The world premiere of documentary, The Price of Peace, will take place as part of the New Zealand International Film Festival this month.
The film outlines the story of 170 years of an intensely troubled relationship between the Crown and Ngāi Tūhoe, through the eyes of Tame Iti and his family.
Tame Iti was accused of running military style training camps in the Ruatoki and Urewera region.
'The Price of Peace’ depicts how Iti’s life changed forever on October 15, 2007. In the dead of night, heavily armed police in military style uniform raided his home and the homes of many others in what became known as the infamous “terror raids.”
For the next six years he fought to clear his name and the name of his Tūhoe people.
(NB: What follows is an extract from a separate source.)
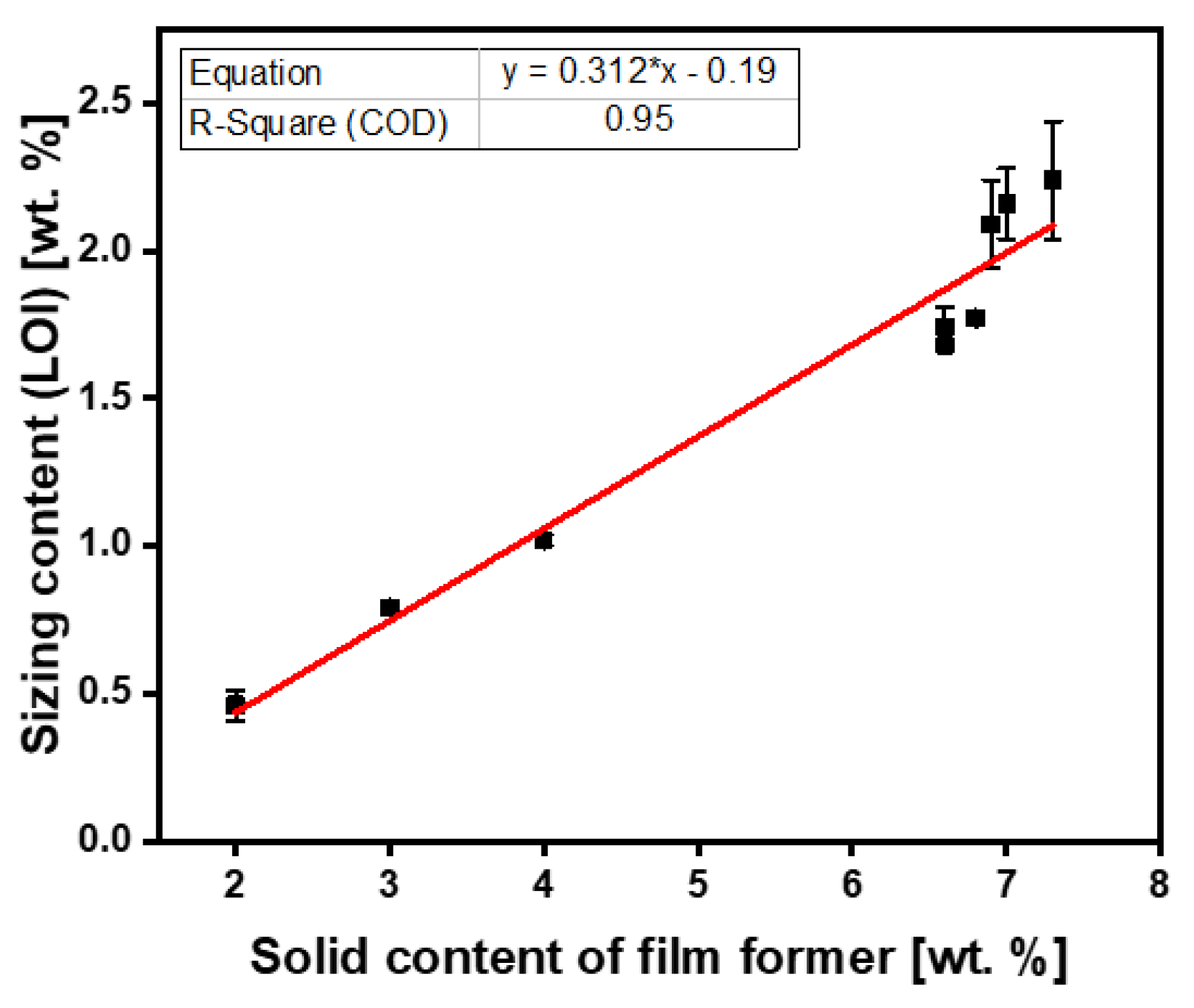 Preprints 81355 g007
The film follows Iti through the Court system, through his jail sentence, and is with him on his return home.
The film places the “terror raids” and subsequent events in the context of history, from the confiscations and scorched earth raids of the 1860s right up to the signing of the historic Deed of Settlement in 2013 and the Crown’s formal apology in 2014.
‘The Price of Peace’ is directed by Kim Webby and made in association with New Zealand On Air and Māori Television with funding assistance from Te Kotahi a Tūhoe and the New Zealand Film Commission.
It will screen in Auckland on Sunday 19 July 1:00pm and Wednesday 22 July 1:45pm Sky City Theatre. It will then screen in Wellington on Tuesday 4 August 6:15pm and Wednesday 5 August 1:30pm Soundings Theatre Te Papa.